* **Try it**
Return exactly the lines of the entries that start at the line containing "4x VW Golf 6" and continue to the last line. Omit the pictures.

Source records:
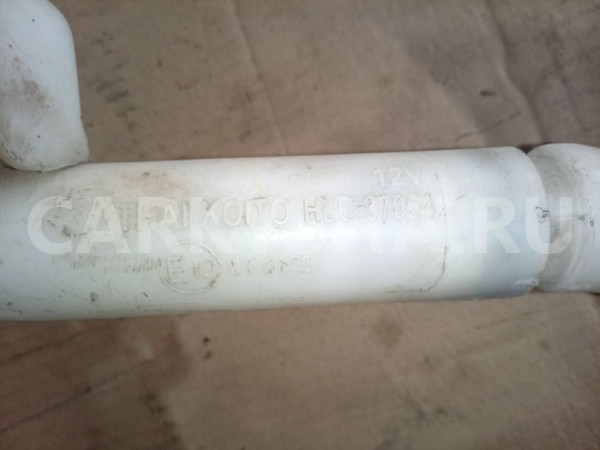 Бачок омывателя Mitsubishi Pajero Sport II рестайлинг (2013—2016) Mitsubishi i оригинальный номер 8260A169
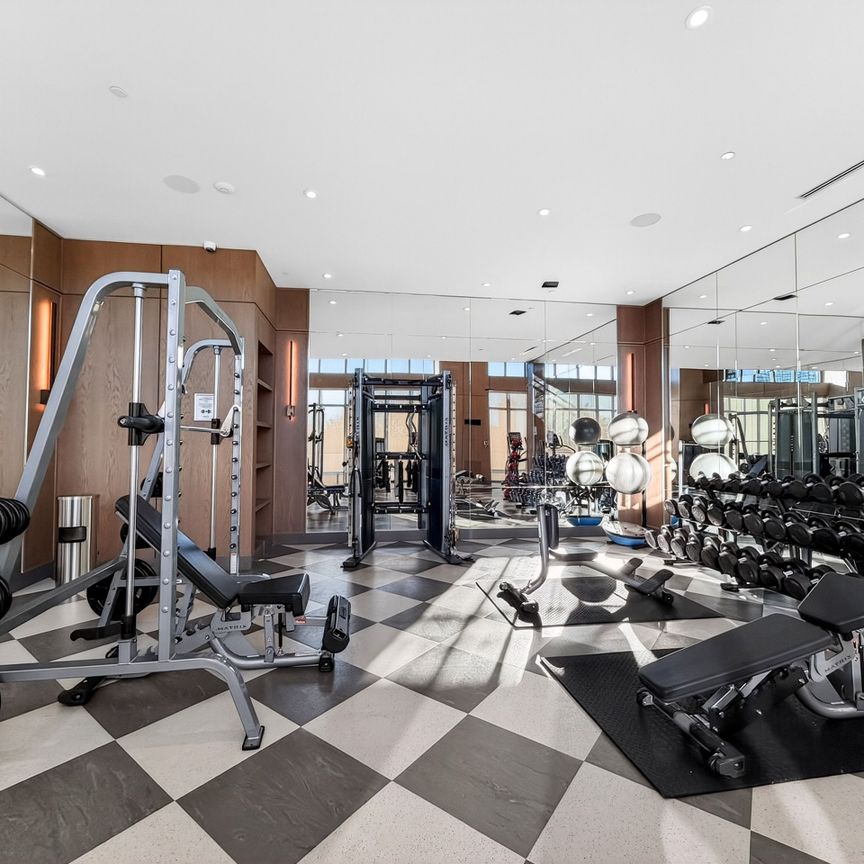 For Lease - 30 Inn On The Park Drive Unit# 802, Toronto, Ontario - Photo 1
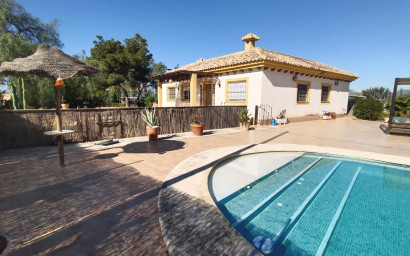 Revente - Villa -
Avileses - Inland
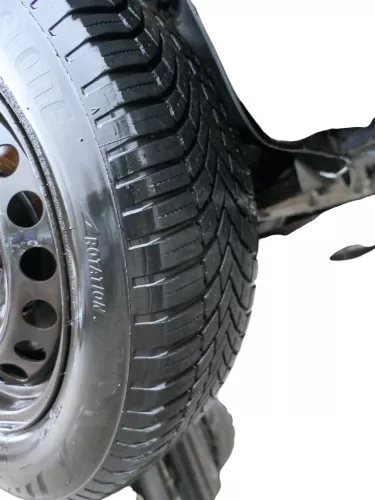 4x VW Golf 6 Plus 5M 195/65 R15 95V Winterreifen M+S Felgen Reifen M&S   ca. 6mm (183574)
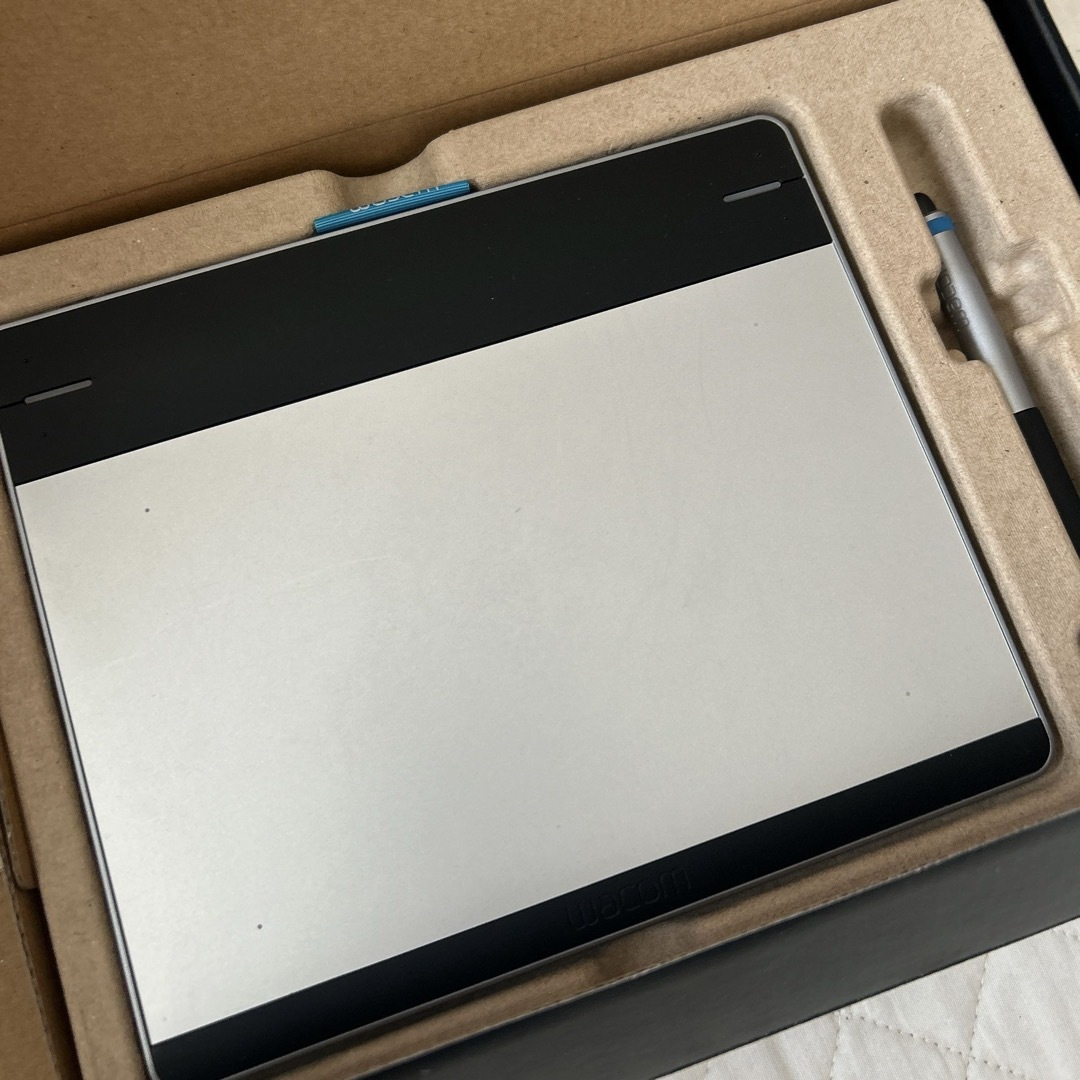 Wacom(ワコム)のWacom intuos CTH-480/S1 板タブ ペンタブ スマホ/家電/カメラのPC/タブレット(タブレット)の商品写真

* **Output for this task**
 4x VW Golf 6 Plus 5M 195/65 R15 95V Winterreifen M+S Felgen Reifen M&S   ca. 6mm (183574)
 Wacom(ワコム)のWacom intuos CTH-480/S1 板タブ ペンタブ スマホ/家電/カメラのPC/タブレット(タブレット)の商品写真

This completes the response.